Pour ce qui est du ralentissement de ton Mac il peut y avoir plusieurs raisons.. D'abord va faire un petit du coté de ton disque dur pour voir si il y a pas un petit manque de place.. Car en effet tu dois toujours avoir au moins 10 pour-cent de la capacité de ton disque *libre*
Sinon va voir dans ''*Moniteur d'activité*'' qui se trouve dans tes ''*utilitaires*'', et regarde ensuite quelles sont le ou les programmes qui te font ramer dans la colonne ''*mémoire réelle*'', fais aussi savoir ta rame disponible pour voir ce qu'il en est..
Si tu ne trouves toujours rien de suspect essaye le nettoyage Onyx comme cité par Malabar. Mais cela doit être à but préventif et non pas curatif. 

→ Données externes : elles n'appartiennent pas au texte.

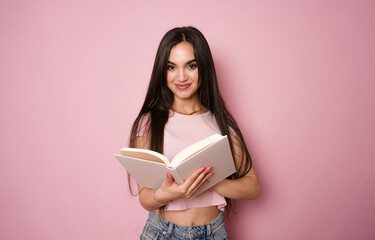 Young woman smile, hold opened book, isolated on pink color background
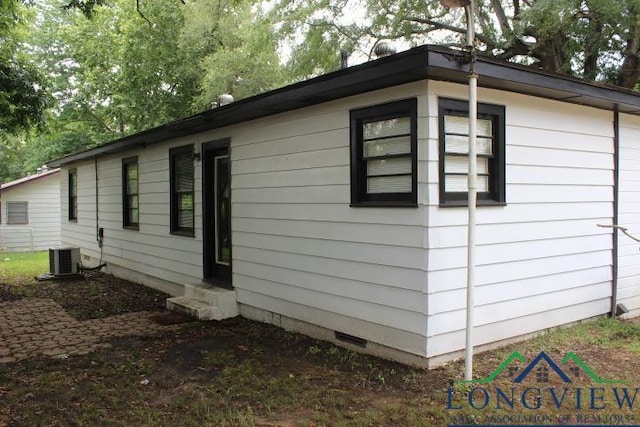 1212 N Edwards St, Gladewater, TX 75647 - view of property exterior featuring entry steps, central air condition unit, and crawl space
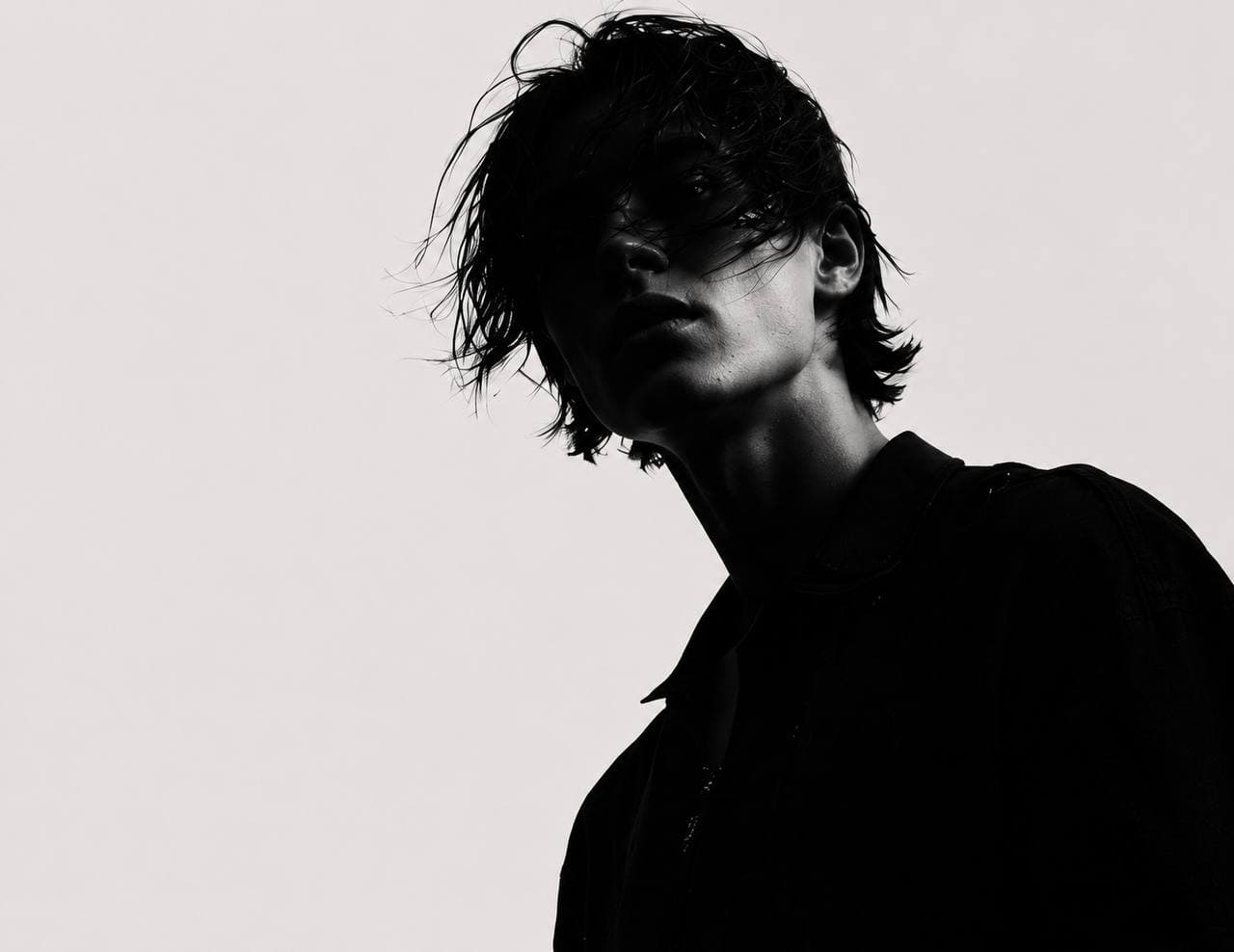 Tall dark editorial figure on a pale background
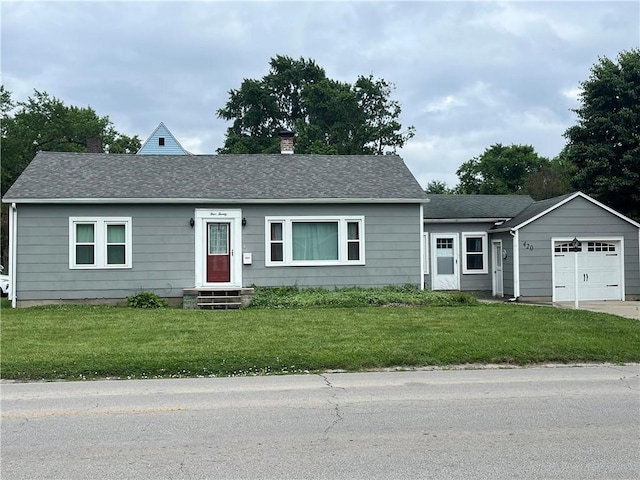 420 N 33rd St, Mattoon, IL 61938 - single story home with a garage, a front lawn, a chimney, and roof with shingles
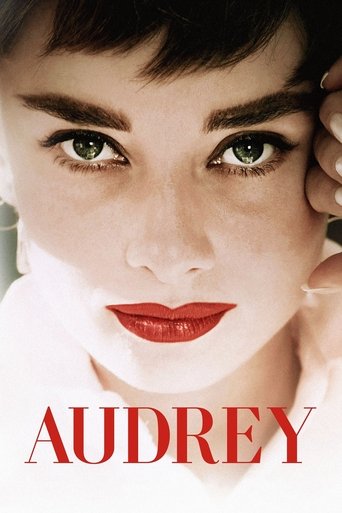 The poster features Audrey Hepburn's striking face, with bold red lips and expressive green eyes. The warm lighting and soft skin tones evoke a timeless, elegant mood. The bold red text "AUDREY" anchors the image, emphasizing the iconic star.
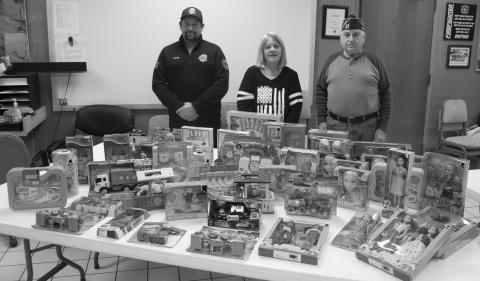 The Columbus VFW Auxiliary donated toys to the Columbus Fire Department Shop with a fireman campaign. Firefighter Juston Grafel accepted the toys for the Columbus Fire Department. Peggy Britt president of the VFW Auxiliary gave the toys to the Fire Department because they were no longer have their kids Christmas Party. Jim Oberbeck Commander of the Columbus VFW Post attended the exchange.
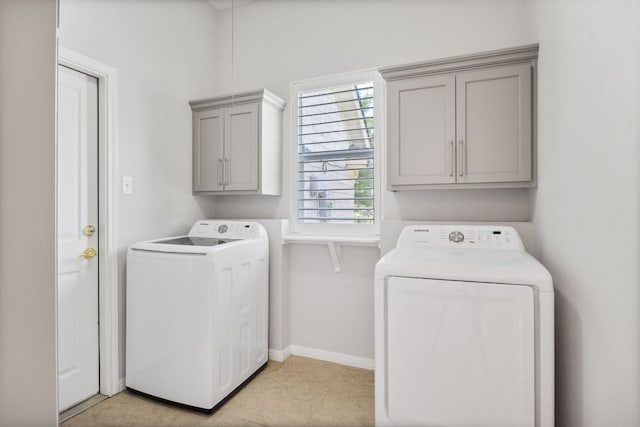clothes washing area featuring washing machine and dryer, baseboards, and cabinet space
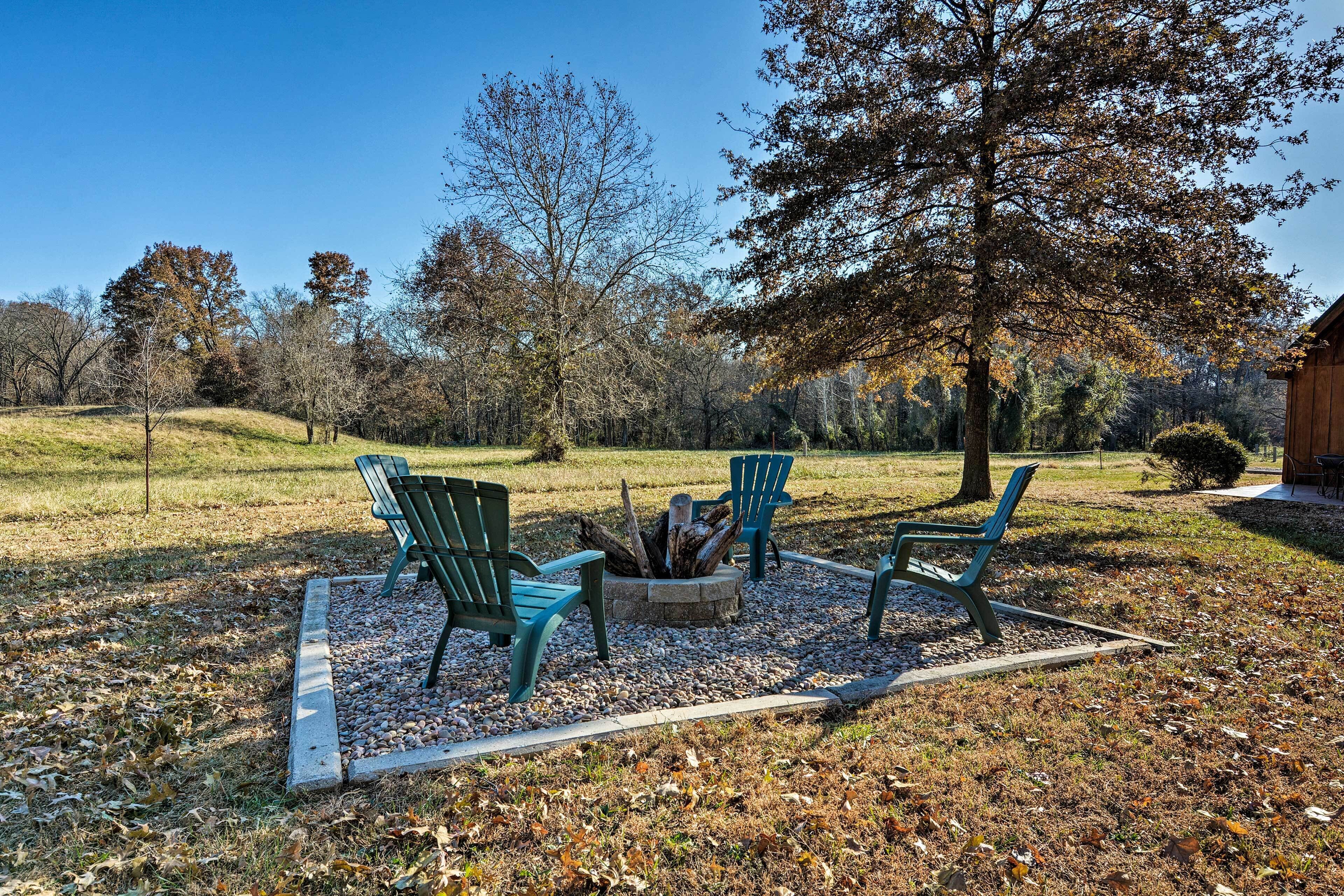 A fire pit with four green Adirondack chairs arranged around it, set on a gravel area with fallen leaves.
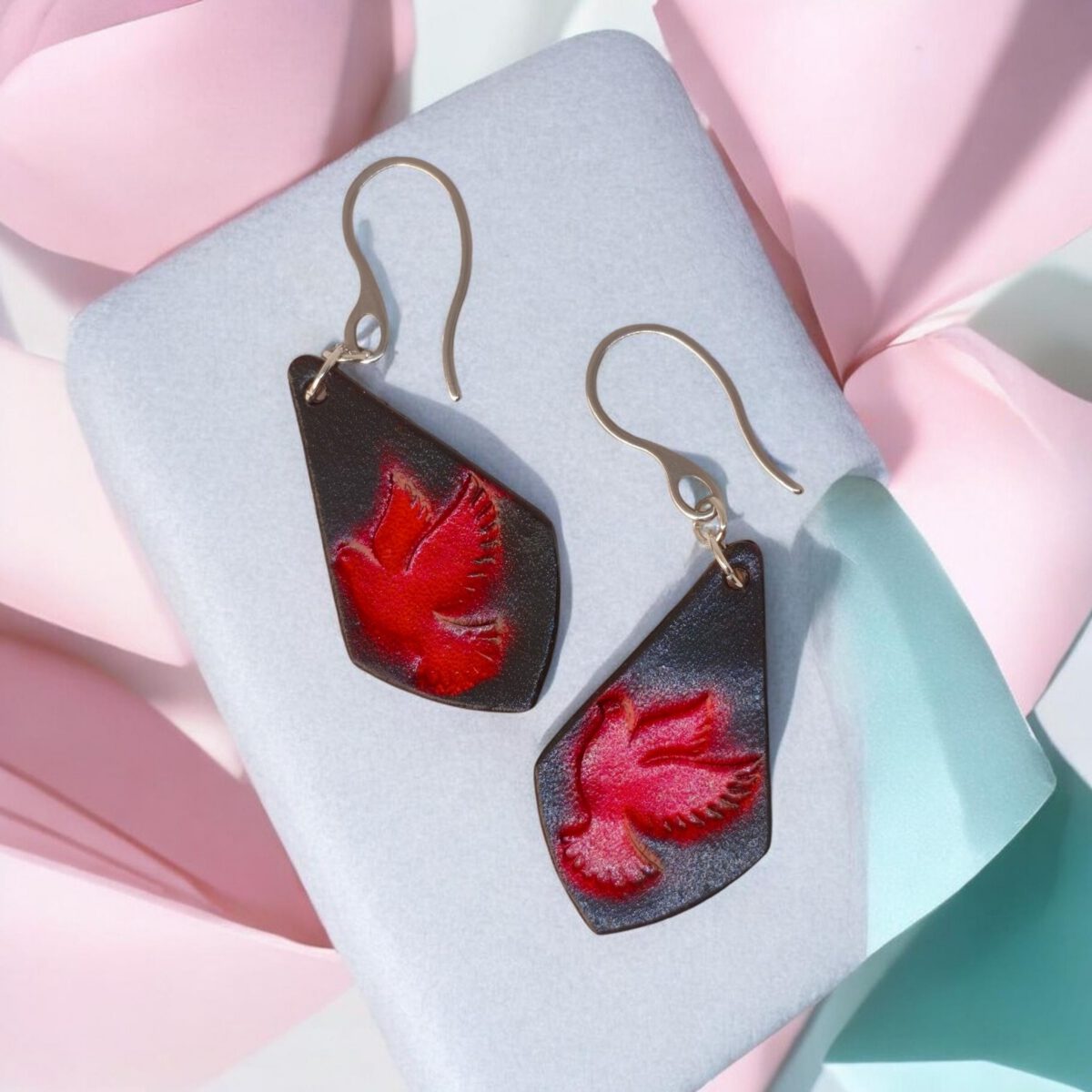 Boucles d'oreilles en cuir teintées en rouge et noir, vues de face, suspendues à des crochets argentés sur fond design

J'éspère t'avoir un peu aider. Fais nous parvenir la suite des évènements. 

Bonne soirée


----------



## standecourmas (5 Janvier 2012)

Bonjour,
Sinon, tu vas dans le finder (dans le dock, clic) puis dans ton dossier utilisateur (la petite maison) tu cherches le dossier "PubSub" (tu bascules la flèche pour voir son contenu). Il y a un dossier dedans qui s'appelle DataBase, tu l'ouvres aussi et là enfin tu trouves un fichier qui s'appelle "Database sqlite3" et lui, tu peux le mettre dans la corbeille et tu vides la corbeille. Précision importante faire cette manip sans ouvrir Safari. Une fois la corbeille vidée, tu ouvres Safari et normalement, les pages s'ouvrent plus vite.
Tu peux faire cette opération régulièrement sans aucune crainte.
Meilleurs voeux.
Stan


----------



## vegankitty (5 Janvier 2012)

Lawlet a dit:


> Hello,
> 
> 
> 
> ...



Merci pour tes conseils. J'ai fait comme tu m'as dit, en gros voilà ce que j'ai:
Safari 87Mo
iTunes 77Mo
Mail 50Mo
iChat 31Mo

Ca a l'air normal non? Je vais essayer de garder cette fenêtre ouverte pour voir si ça change au moment des bugs.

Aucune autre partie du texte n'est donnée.